Second
Sunday of Easter
April
12, 2026
1
Peter 1:3-9
There are reasons that mainline
Protestant preachers don’t spend a lot of pulpit time speaking about heaven and
hell. Some of them are historical: there
was a time when those were almost the only topics you would hear about on a
Sunday morning and non-believers came to ridicule that. On the one hand, they said, all we do is tell
people with real problems and real pain not to worry because “there will be pie
in the sky by-and-by”. Devoted and
faithful followers of Jesus who set their minds on things above were accused of
being “too heavenly-minded to be of any earthly use”. On the other hand, emphasizing our eternal
destination can also lend itself to the notion that we (rather than God) determine
who is going where.
It’s foolish, and does the whole
world a disservice, though, to pretend that we have nothing to say about both
time and eternity.
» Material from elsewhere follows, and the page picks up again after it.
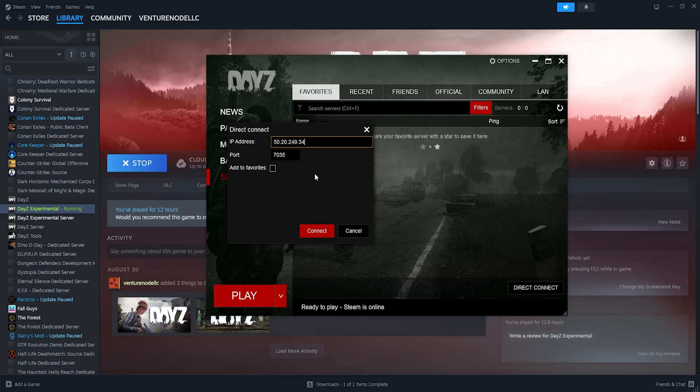Once we've done that, we can choose the Add to Favorites button, so we can make sure to select this much easier the next time. Once we've done all that, we can click Connect, and we can now connect to our DayZ server.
Our lives here are a
subset of our total existence, and both this world and the world to come are
God’s creation and gift through Christ, who was in the beginning with God, and
was God; and who is the Alpha and the Omega, the first and the last, the
beginning and the end. It’s not
escapism, but hope, that reminds us that there is more beyond this world.
I say that not because this world is
a horrible place. Recognizing its fallenness
does not negate that it was created good.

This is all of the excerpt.